Sonntag, den 27. April 1941

Mein liebes, teures Herz! Herzlieb!! Geliebte mein!!!

Wenn ich nun auch vor Mittwoch oder Donnerstag das Geschriebene nicht aufgeben kann, so will ich doch versuchen, täglich mit Dir ein Stündchen zu plaudern. Und wenn ich nicht schreiben kann, plaudern werde ich gewiß mit meinem Herzlieb – ach, alles mit seinen Augen schauen, mit seinen Sinnen erleben, in seinem Sinn handeln. Herzlieb, ich kann ja nicht mehr anders – und Du auch nicht – weil wir uns so lieb haben!

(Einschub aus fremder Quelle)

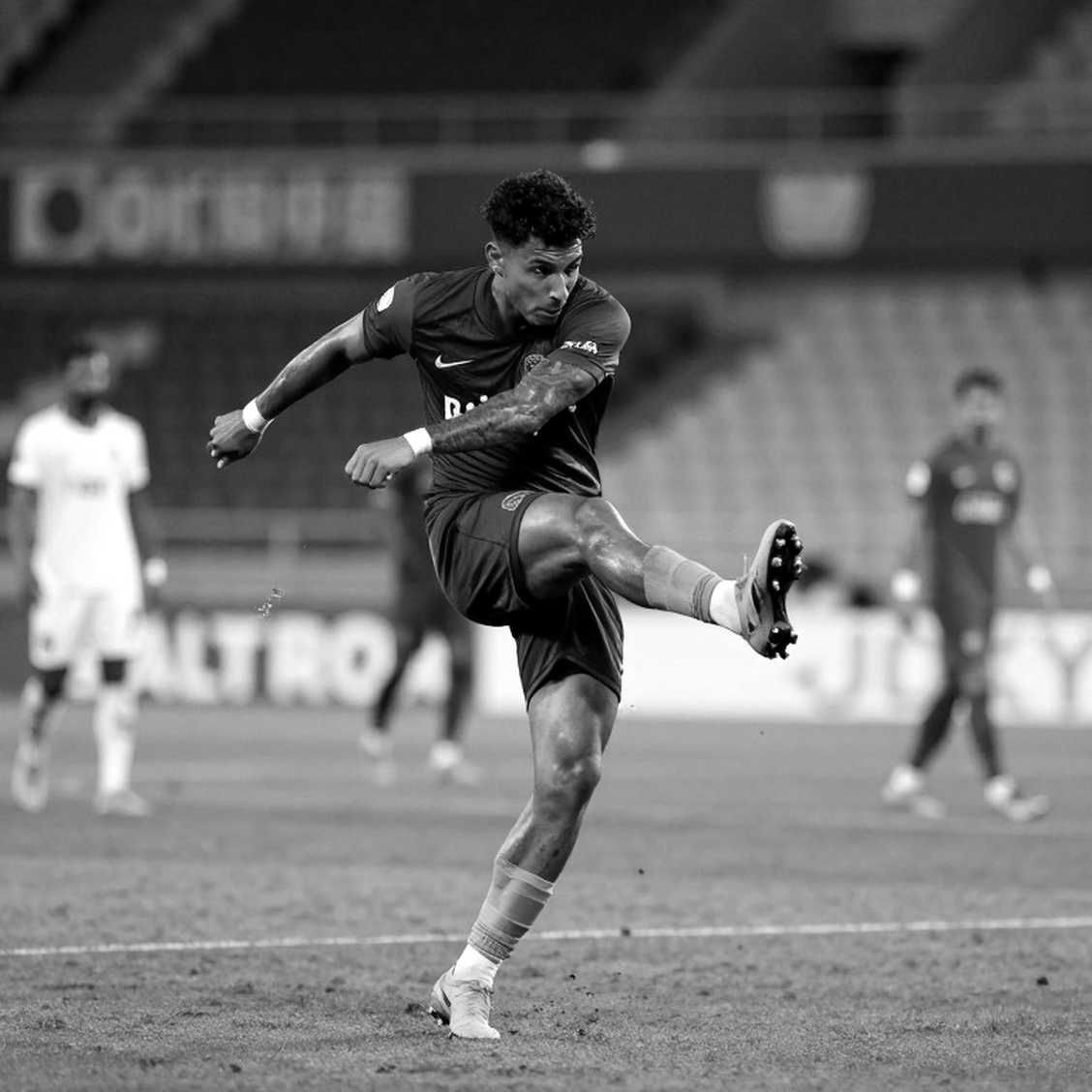 Thủ môn 34 tuổi, chiếc điện thoại úp mặt và bài kiểm tra không nằm trên sân cỏ: FIFA ASEAN Cup 2026 đang nói điều gì về Việt Nam? Thủ môn 34 tuổi, chiếc điện thoại úp mặt và bài kiểm tra không nằm trên sân cỏ: FIFA ASEAN Cup 2026 đang nói điều gì về Việt Nam?
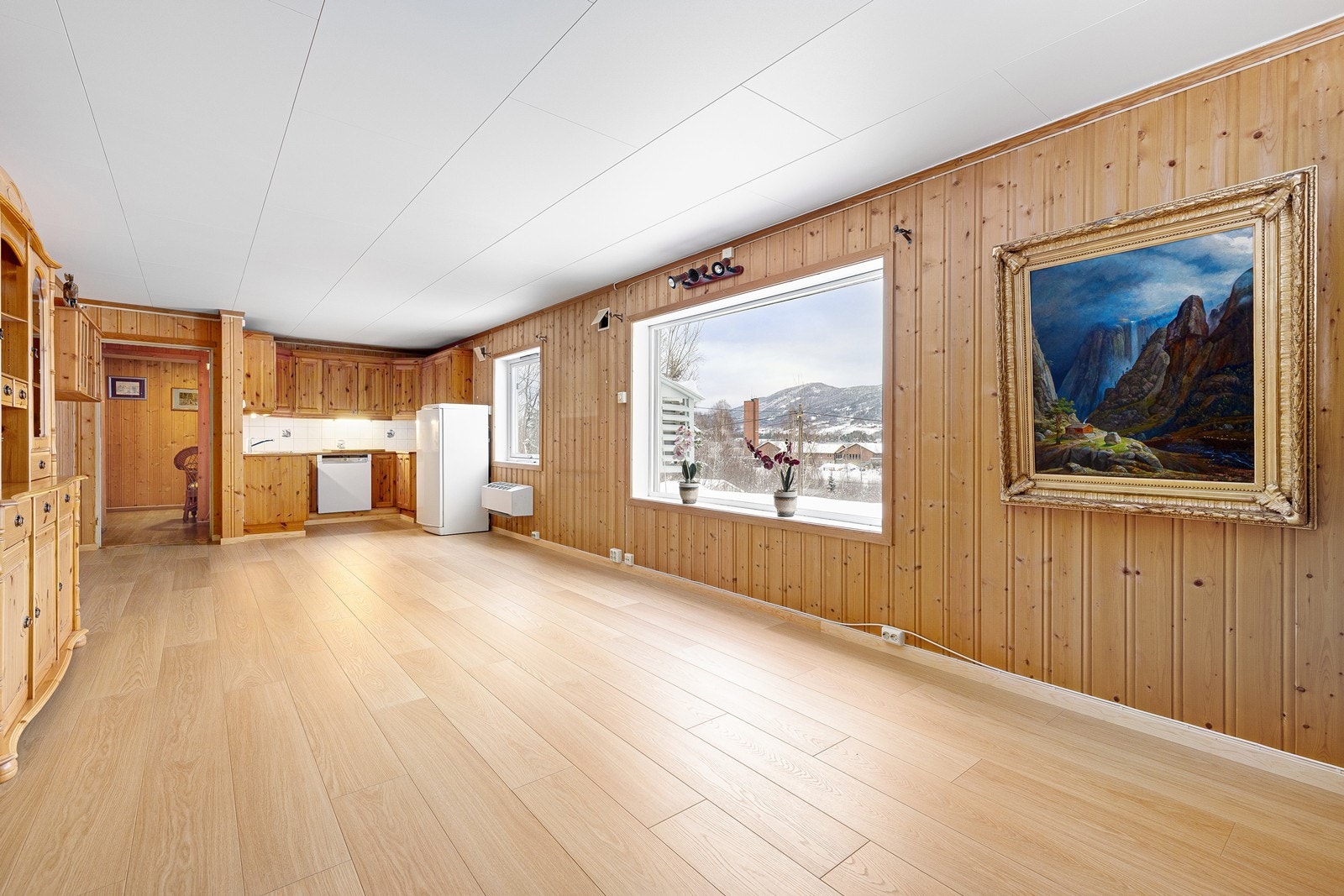 Utleiedelen i u.etg har en romslig åpen stue-/kjøkkenløsning. Galleribilde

Sonntag ist. Der letzte hier in Plovdiv. Ein herrlicher, warmer, sommerlicher Tag. Vor Sonnenaufgang gab es ein Gewitter mit Regen – und nun ist der ganze Tag neuwaschen [sic]. Heute wollten wir eigentlich noch einmal an Land gehen und Abschied nehmen – aber K. ist heute mit einem Unteroffizier in die Berge gefahren, d.h. bis an den Berg heran und dann hinaufgestiegen. Diese Tour wurde am Sonnabendmorgen verabredet und der Hubo wollte eigentlich mit von der Partie sein. Als aber bekannt wurde, daß wir abreisen, habe ich abgewinkt. Und nun hat der Hubo zum Schluß auch noch einmal Wache zu stehen – ist er eingesperrt und darf gar nicht mehr hinaus. Er trauert nicht darum. Die Lewas sind auch alle bis auf 14. Kamerad H. bringt mir dafür ein Stück Seife mit für meinen eigenen Gebrauch. Er muß nun für uns alle Abschied nehmen.

Mein Seesack ist schon gepackt, prall gefüllt, gerade, daß ich alles unterbringe. Im Koffer ist schon alles gelegt, daß das Wichtigste sofort zur Hand ist. Er ist mein treuer Begleiter, einfach unentbehrlich. Mein Gepäck hat sich um einiges vermehrt: Moskitonetz, Hängematte; um ein ganz liebes Packl: Deine Boten und ein Paket Seife. Die letzten beiden werde ich bei Gelegenheit heimschicken, sonst bringts der Hubo nimmer fort.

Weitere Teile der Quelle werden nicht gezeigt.